PROBLEM REQUIREMENTS> Each line from the opening of the material through the line holding "You can set" needs to be returned exactly, with the pictures left out.

SUPPLIED MATERIAL>
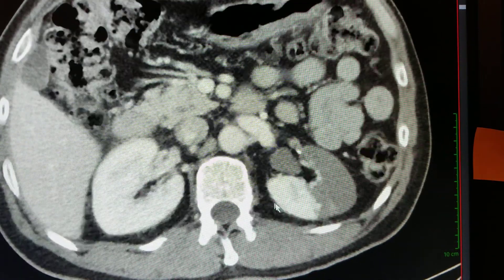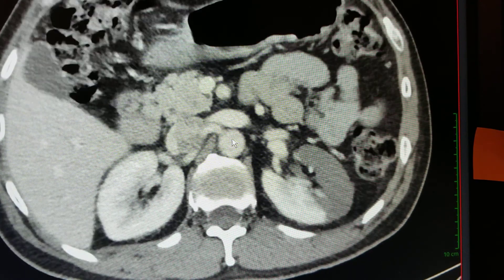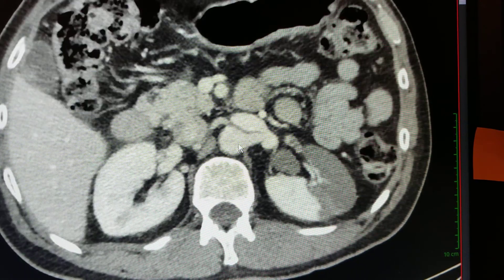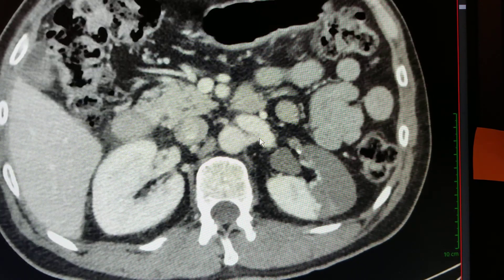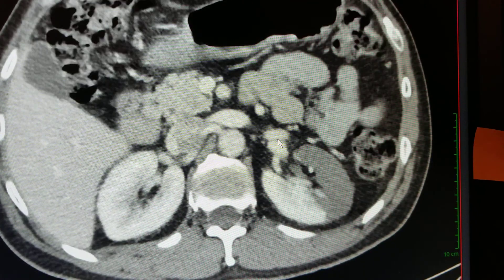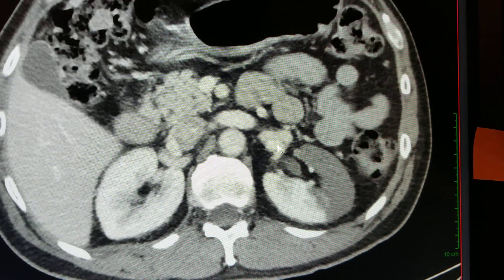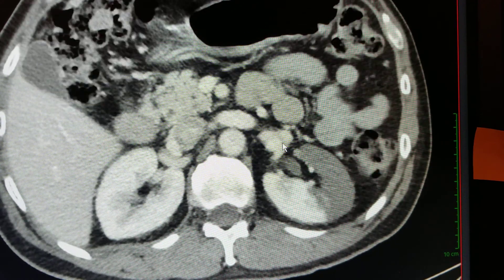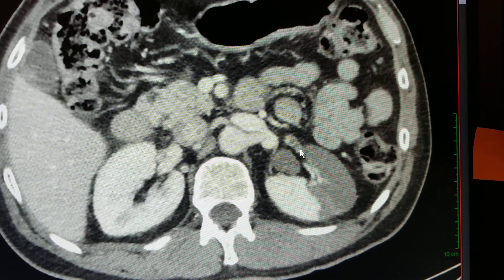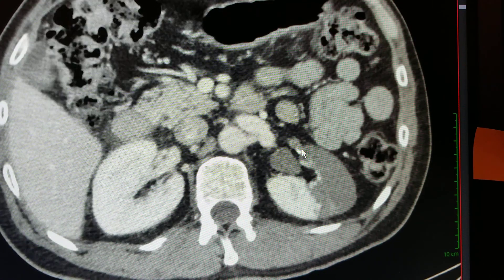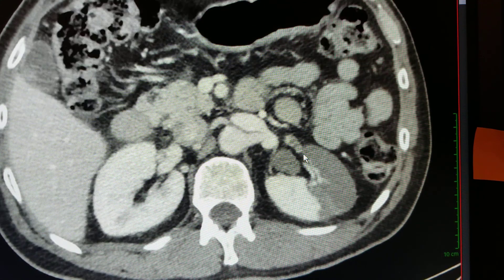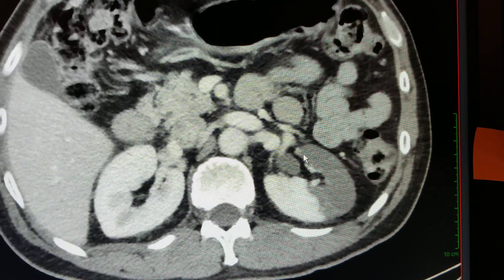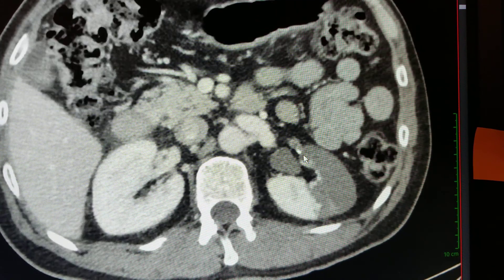Looking closely at the aorta, we can follow here the left renal artery. Following that along, here's the posterior branch, and then right here is the anterior branch. You can see this thrombus right in that anterior branch of the left renal artery.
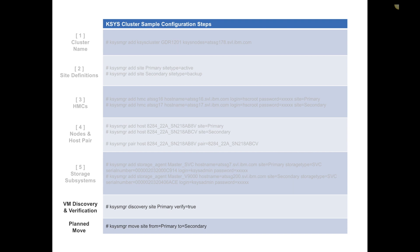Whenever I'm ready to do a movement operation, I'm showing the syntax of a move from site one to site two. It'd be KSYS manager move site from primary to secondary site. It's as simple as that. It would be different if it was an unplanned outage where I did not have access to the source systems. In the more advanced recordings I'll get into that.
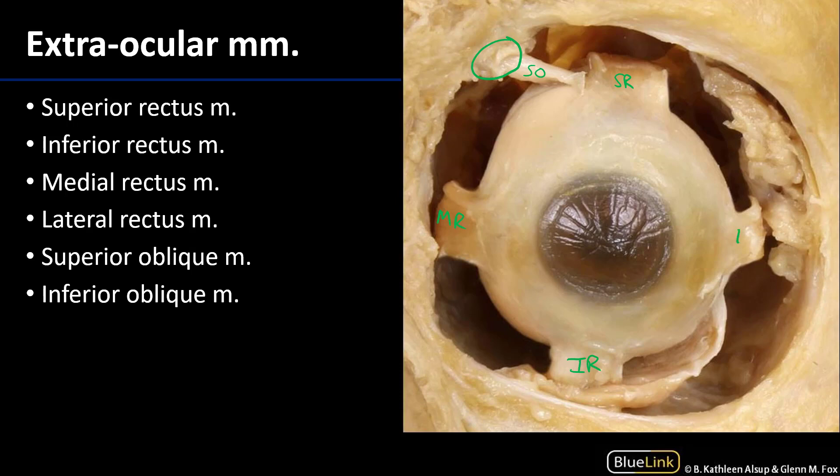Here is the lateral rectus muscle. The lateral rectus muscle is below the lacrimal gland, so that is another indication of its position.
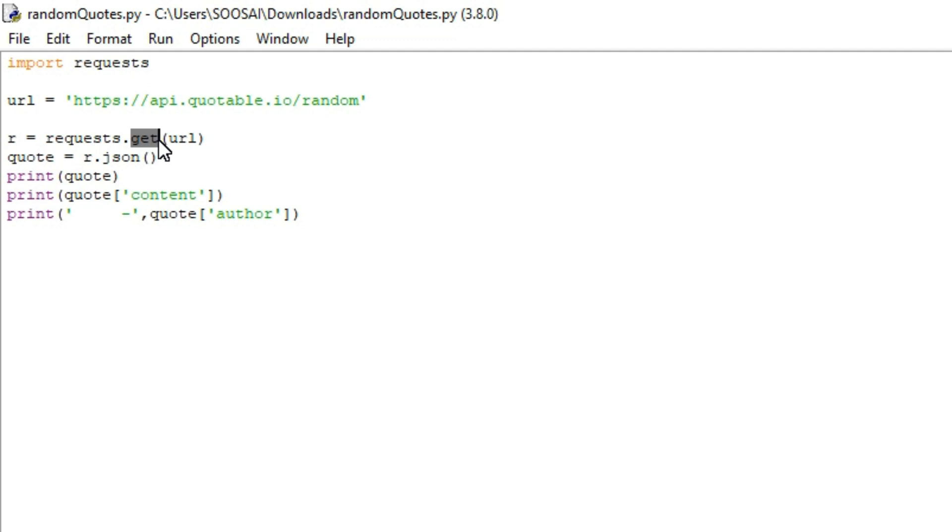In order to access any website or get data from it, we first need to send a GET request. The website will accept that request, and then we can access and get the data from that website.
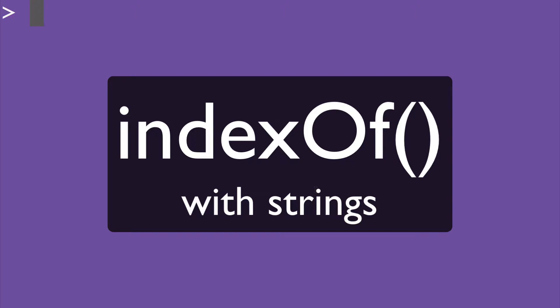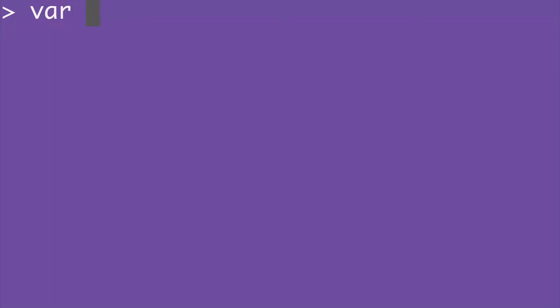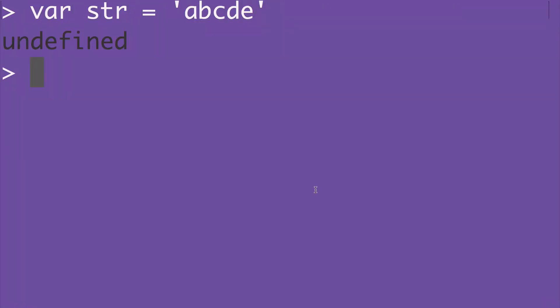INDEX OF returns the position of the first occurrence of a specified value within a string. Let's create a string that is 5 digits long, then use INDEX OF to get the position of the letter A.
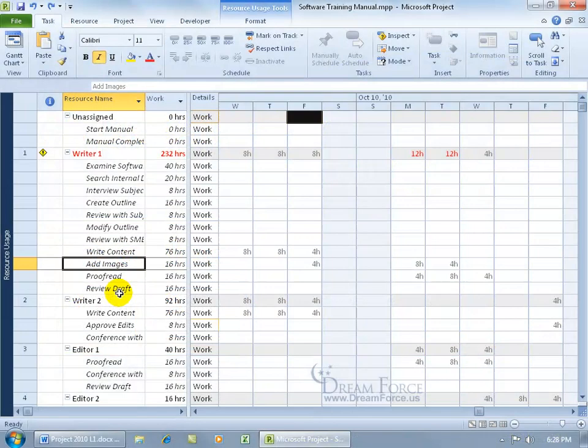As you recall in the previous training video, we learned to go to five different screens to find out which resources are over allocated. And each screen had its own different use for finding and getting the details about the over allocation.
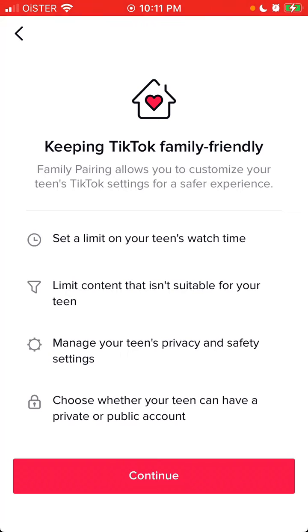You can set a limit on your teen's watch time, limit content that isn't suitable for a teen, manage privacy and safety settings, and choose whether the kid has a private or public account.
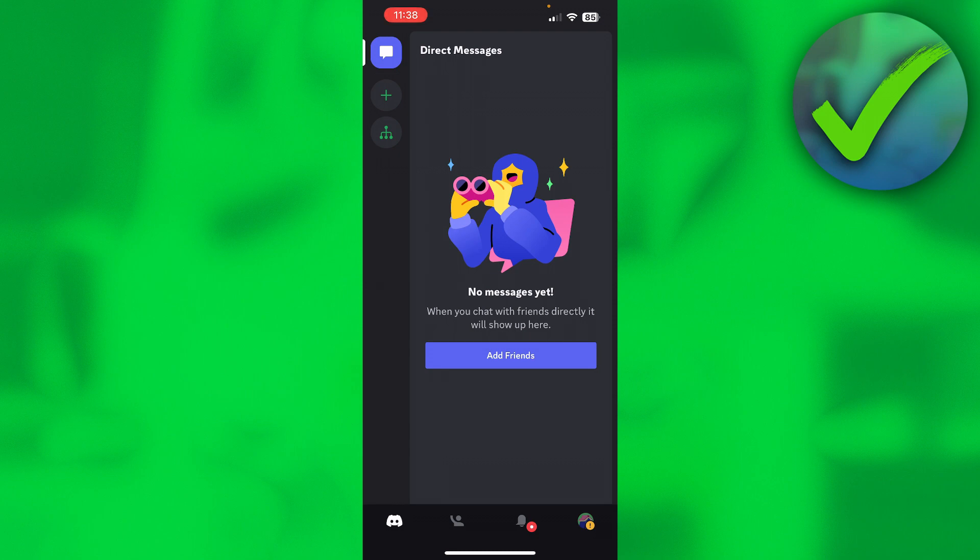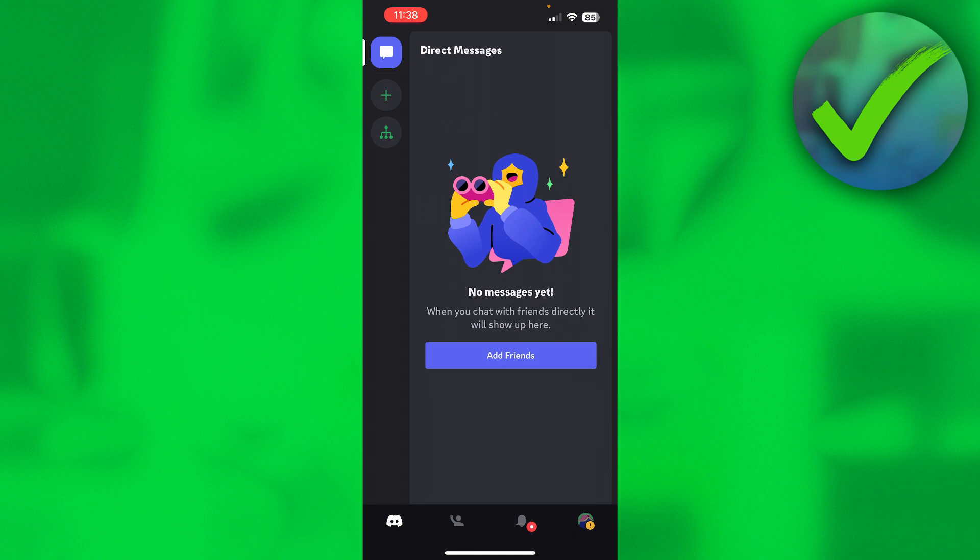First of all, this option to switch accounts like you can do on PC is simply not available on Discord Mobile. That is quite unfortunate, but I can show you the best way to still do this.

FINAL ANSWER>
Looking closely at the aorta, we can follow here the left renal artery. Following that along, here's the posterior branch, and then right here is the anterior branch. You can see this thrombus right in that anterior branch of the left renal artery.
Whenever I'm ready to do a movement operation, I'm showing the syntax of a move from site one to site two. It'd be KSYS manager move site from primary to secondary site. It's as simple as that. It would be different if it was an unplanned outage where I did not have access to the source systems. In the more advanced recordings I'll get into that.
Here is the lateral rectus muscle. The lateral rectus muscle is below the lacrimal gland, so that is another indication of its position.
In order to access any website or get data from it, we first need to send a GET request. The website will accept that request, and then we can access and get the data from that website.
INDEX OF returns the position of the first occurrence of a specified value within a string. Let's create a string that is 5 digits long, then use INDEX OF to get the position of the letter A.
As you recall in the previous training video, we learned to go to five different screens to find out which resources are over allocated. And each screen had its own different use for finding and getting the details about the over allocation.
You can set a limit on your teen's watch time, limit content that isn't suitable for a teen, manage privacy and safety settings, and choose whether the kid has a private or public account.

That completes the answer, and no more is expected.